A. 証券投資を業務としている法人です。
株式市場で投資運用しているのは個人だけでなく、銀行などの金融機関や生命保険会社、損害保険会社、投信を運用する投資信託会社(最近では、社名の語尾にアセットマネジメントをつけている)などがありますが、これら法人を機関投資家と呼びます。事業会社でも株式投資をする場合もありますが、機関投資家とは呼びません。というのは、株式投資が経常的な事業活動ではないからです。
機関投資家は株式運用をするため、バイサイドと言い、株式売買の取次ぎをする証券会社をセルサイドと言います。バイサイドは、自らも調査部門を持ち、また取引先であるセルサイドの調査部門も活用するため情報が豊富ですが、だからと言って、個人より運用が必ずうまい、とは言い切れないところが、株式市場の面白いところです。

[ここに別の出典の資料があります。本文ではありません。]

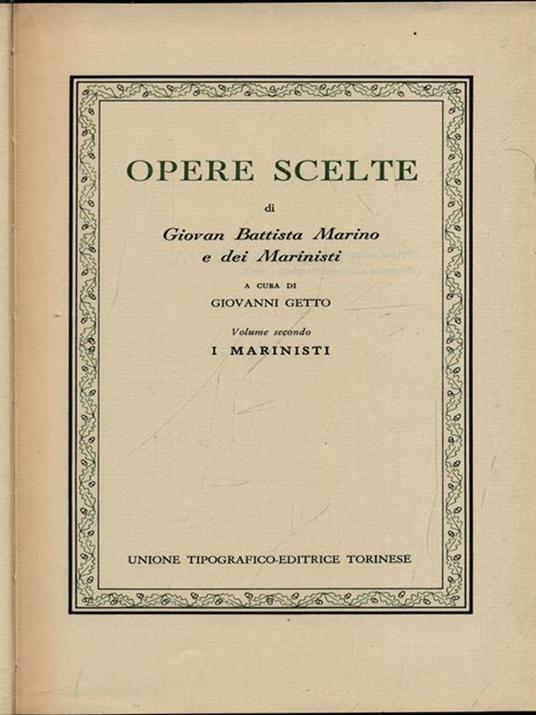 Opere scelte vol. 2: I Marinisti - Giambattista Marino - copertina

本来、銀行預金も含めて投資は、高いリターンには、高いリスクがあるのが大原則です。銀行預金はリスクが僅少なため、利息も僅少となっています。個人投資家は、自らが投資家であるため、リスクが取れる投資家です。よって、とんでもない高いリターンを取ることができるところが特徴です。99年前半の市場、特に店頭市場は、そういった個人投資家の値幅取りが成功した局面だったと言えます。